Ok, so CharlieD gets 2 timeouts and you get one, lol.


----------



## CharlieD (Jul 26, 2006)

Wait a minute, now I have something to say in my defense. I said that it was a simple salsa recipe I picked up from a local news paper. And I said that I though that the reason it kept for so long was the fact that it had salt. I said, that what I was thinking. I did not know why it kept for so long. I do not have the recipe for it, it was one time deal. Salsa was not pickled. It had bunch of fresh veggies plus mango, plus salt that is it. It was not cooked in any way.  
 Not that I am trying to be not nice either, but those are simple facts. Nothing to it. No double talk, no hidden ingredients. Simple mater of fact. I made salsa, it was too hot, I did not like it (I rarely eat salsa. Mostly it’s for my wife) I put in the refrigerator, and forgot about it, nearly a year later I took it out look at it and it looked fine, it smelled fine, it tasted fine, it was not as potent as originally, there was no problem with it at all. Since nobody was going to eat it anyway I did dumped at that point. I don’t know why I am being accused of all mortal sins here. Breezy Cooking is just not a handle person who takes everything so seriously should be using, this is not the first time I am saying this, this is not the first time we are having this kind of conversation. I am trying to defend my self without ever having done anything wrong, without ever having said anything wrong. 
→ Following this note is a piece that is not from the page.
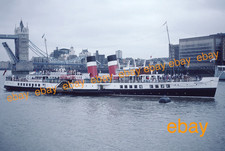 35mm Colour Slide of P.S.WAVERLEY-Paddle Steamer-Pool of London - Sept 1985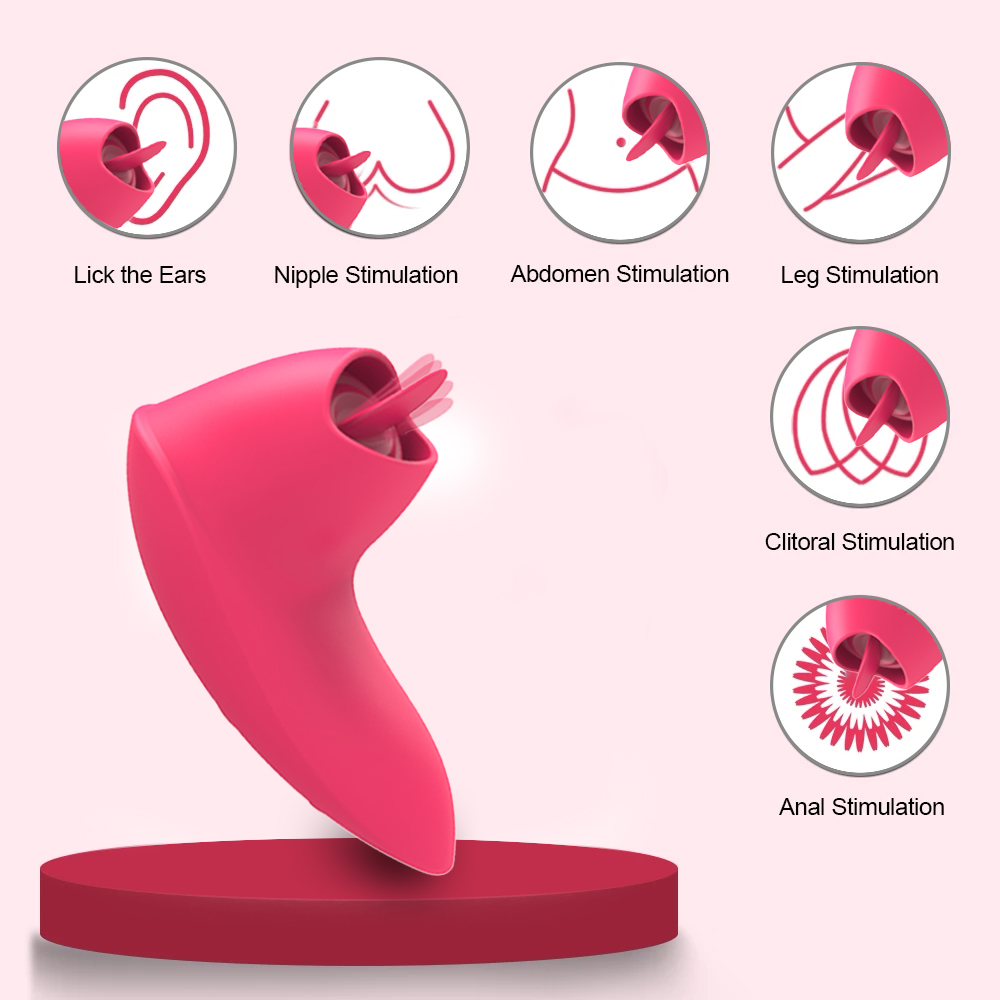 12 Speed Tongue Licking Vibrator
 Come on here. I should be getting only one time out and Breezy Cooking should get 2.  

As far as Ukrainian recipes goes it was completely different product I was talking about.

 O.K. having said all of that, of course, food poisoning should be on everybody’s mind, that is just simply common sense, and if that salsa looked in anyway suspicious, I would have never touched the darn thing. There ...


----------



## vagriller (Jul 26, 2006)

Nope, you were more abrasive. The use if the word duh constitutes an additional timeout. I'm really only kidding since I wield no authority here. Just be nice. If you can't be nice at least try to be nice!


----------



## BreezyCooking (Jul 26, 2006)

Whoa - lighten up CharlieD. The only reason you & I seem to go head to head is that you seem to go immediately ballistic & defensive when someone disagrees with you.

If you're willing to taste a salsa that's been in your fridge for over a year, that's certainly your perogative, but it certainly isn't something that anyone else should do.

The only other time I can recall the two of us going head-to-head is when you insisted that using spaghetti noodles in a layered baked casserole was still "Lasagne". I disagreed, saying that layering spaghetti with other ingredients made it just a baked pasta casserole - that "Lasagne" meant a pasta dish made with "lasagne" noodles. You complained - & I was admonished by the admins here, which I accepted, but, quite frankly didn't think was right. Sorry - it might just be semantics but I hold my ground - both with "Lasagne" & intimating that salsa won't kill you after being in the fridge for a year.

I'm not being mean or nasty; never used abusive terms or tried to make you out to be a bad guy/cook whatever.  You, on the other hand, just can't seem to take an opposing opinion in good grace.


----------



## vagriller (Jul 26, 2006)

Breezy,
You get another timeout for bringing another thread into the "discussion." One minute for every year old you are (that is how we do it for my son).


----------



## GB (Jul 26, 2006)

I am closing this thread. This has gotten way out of hand. I think you both need to step back and look at what you have said to each other from the other persons point of view. Neither of you were particularly nice to each other and thus this thread is now closed.

Angie if you feel that you have not gotten the answer you were looking for then please feel free to start a new thread with the same question. Thanks.


----------